Both these functions could be performed at a cheaper rate, apart from these very expensive institutions. Books are cheap, and the system of apprenticeship is well understood. (47) So far as the mere imparting of information is concerned, no university has had any justification for existence since the popularisation of printing in the fifteenth century. Yet the chief impetus to the foundation of universities came after that date, and in more recent times has even increased.
(48) The justification for a university is that it preserves the connection between knowledge and the zest of life, by uniting the young and the old in the imaginative consideration of learning. The university imparts information, but it imparts it imaginatively. At least, this is the function which it should perform for society. A university which fails in this respect has no reason for existence.
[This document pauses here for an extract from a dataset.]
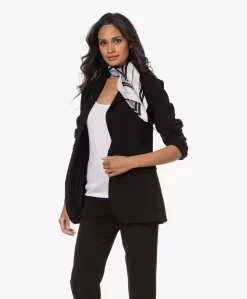 Joseph Aline Zijden Print Sjaal - Horizon/Zwart -Kleding Series Winkel 221107 c28b571a 62d1 438f b9a2 7263c965372d scaled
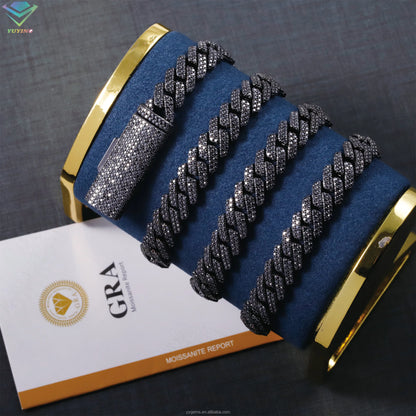 Cadena cubana de 10mm con moissanita negra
This atmosphere of excitement, arising from imaginative consideration, transforms knowledge. A fact is no longer a bare fact: it is invested with all its possibilities. It is no longer a burden on the memory: it is energising as the poet of our dreams, and as the architect of our purposes.
Imagination is not to be divorced from the facts: it is a way of illuminating the facts. (49) It works by drawing the general principles which apply to the facts, as they exist, and then by an intellectual survey of alternative possibilities which are consistent with those principles. It enables men to construct an intellectual vision of a new world, and it preserves the zest of life by the suggestion of satisfying purposes.